Escribes para desahogarte, para hacerlo llegar a más personas, para ayudar,
para explicarte. Es en esos momentos que a tu mente no le importa seguir
despierta hasta las dos de la mañana, escribiendo como una posesa sobre el
teclado, derramando alguna que otra lagrimilla, pero haciendo lo que más amas:
escribir.
Cuando todo va bien, no sientes esa necesidad de plasmarlo
todo. Olvidas cada mal momento y pasas a centrarte en lo bueno, en esos nuevos
sentimientos y experiencias que se despiertan en ti. Pasas de escribir, queda
relegado a un quinto, o último lugar, y no te arrepientes.
Pero yo me veo en una encrucijada. Amo escribir, expresar lo
que siento, y demostrar con letras lo que mi boca no puede expresar… Pero me
gusta ser feliz, conseguir mis sueños y vivir mi vida.

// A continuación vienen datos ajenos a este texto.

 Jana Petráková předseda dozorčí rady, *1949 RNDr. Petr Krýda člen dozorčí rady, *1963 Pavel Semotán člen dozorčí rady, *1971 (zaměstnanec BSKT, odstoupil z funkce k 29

¿Qué haces cuando tienes que elegir entre lo que más amas, y
lo que más ansías? ¿Te rindes a lo que te gusta, o permaneces en la transición
a la felicidad? ¿Esperas a que el círculo de la vida se vuelva a repetir, o
rezas para que no haya ninguna recaída?
¿Y si pasa tanto tiempo que llegas a olvidar cómo se
escribía? ¿No llevaría eso a la muerte personal de cada niño dentro de
nosotros? ¿No sería esa más profunda pena que una leve recaída de la que seguro
nos levantamos?
Sólo sé una cosa: si pierdo mi soporte… perderé mi mundo. Y
ese es el peor precio que puedo llegar a pagar.